We can draw a helpful line perpendicular to the side #\orange c# through vertex #C#.

Now: #CD=\green{b} \cdot \sin{\blue \alpha}# (sine in right-angled triangle #ADC#)

Also: #CD=\blue{a} \cdot \sin{\green \beta}# (sine in right-angled triangle #BCD#).

Therefore: #\green{b} \cdot \sin{\blue \alpha}=\blue{a} \cdot \sin{\green \beta}# and so #\dfrac{\sin(\blue \alpha)}{\blue a} = \dfrac{\sin(\green \beta)}{\green b}#.

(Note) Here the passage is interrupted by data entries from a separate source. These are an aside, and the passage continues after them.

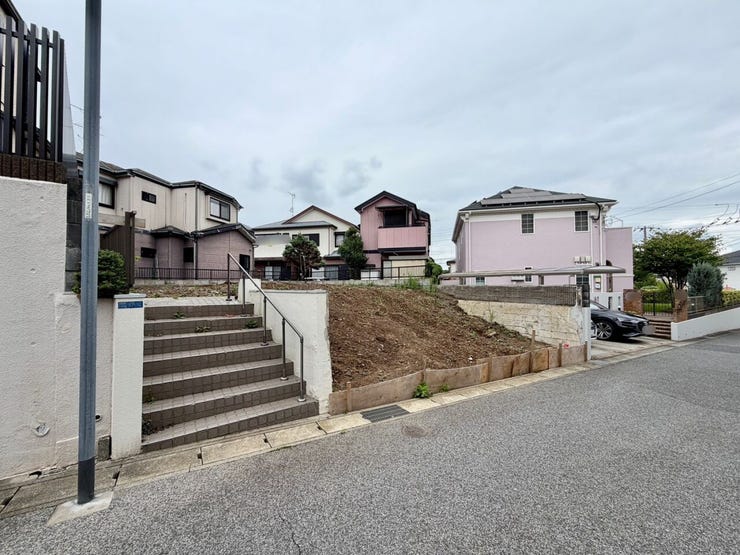 通りから見えにくい位置に建築することが出来ますので、周囲の視線を気にすることなく、プライベートな時間をお過ごしいただけます。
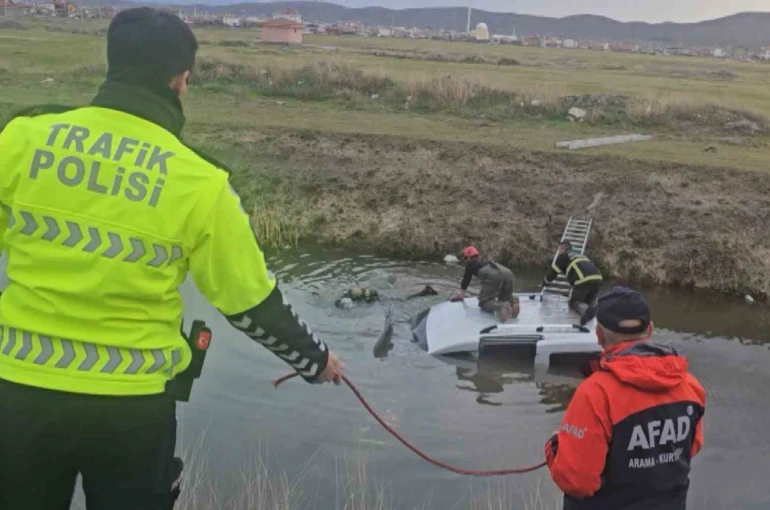 Su dolu kanala gömülmüş araç ekipleri alarma geçirdi 
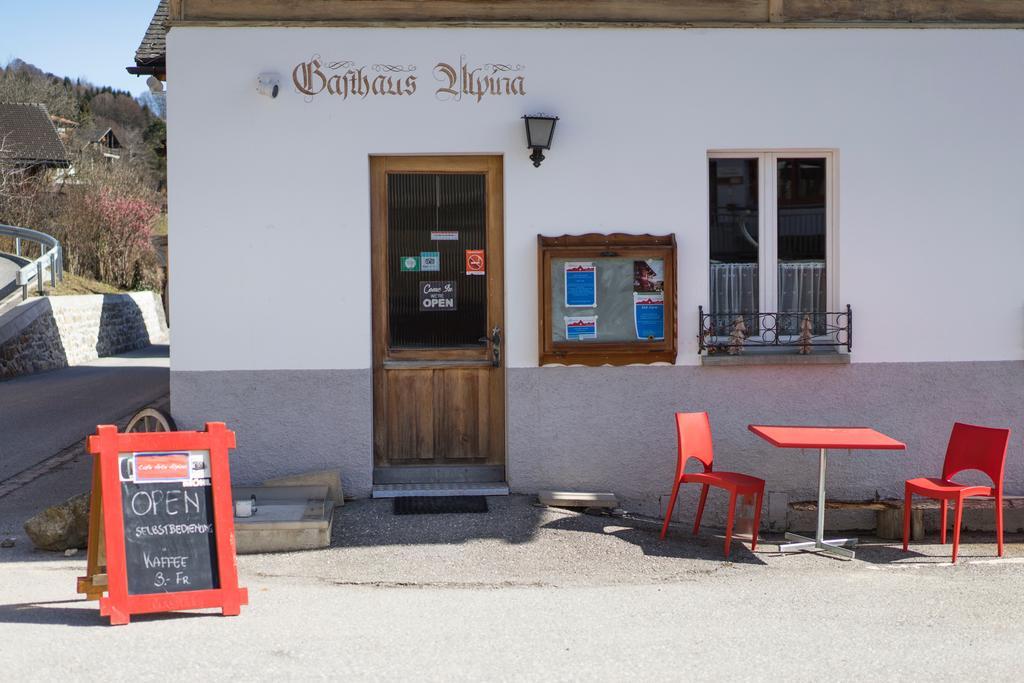 Gaestehaus Alpina In Fanas Kültér fotó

In the same way, we can prove the other equalities by drawing perpendicular lines on side #\blue a# and #\green b# through vertex #A# and #B# respectively.

Again, we'll draw a helpful line perpendicular to side #\orange c# through vertex #C#.

According to the Pythagorean theorem:

\[AD^2+CD^2=\green b^2\]

and

\[BD^2+CD^2=\blue a^2\]

So when we substitute #CD^2=\green b^2-AD^2# (the first equality) in the second equality, we find:

\[BD^2+\green b^2-AD^2=\blue a^2\]

Here #BD=\orange c-AD#. This therefore gives us:

\[(\orange c-AD)^2+AD^2-\green b^2=\blue a^2\]

When we expand the brackets, we find:

\[\orange c^2+AD^2-2 \cdot\orange c \cdot AD+\green b^2-AD^2=\blue a^2\]

We can simplify this to:

\[\orange c^2-2 \cdot \orange c \cdot AD+\green b^2=\blue a^2\]

Finally, we note that according to the cosine in a right-angled triangle #AD=\green b \cdot \cos(\blue \alpha)#. Therefore:

\[\orange c^2-2 \cdot \orange c \cdot \green b \cdot \cos(\blue \alpha)+\green b^2=\blue a^2\]

This way we have proved the law of cosine for side #\blue a#. In the same way using perpendiculars to #\blue a# and #\green b#, we can prove the other two laws.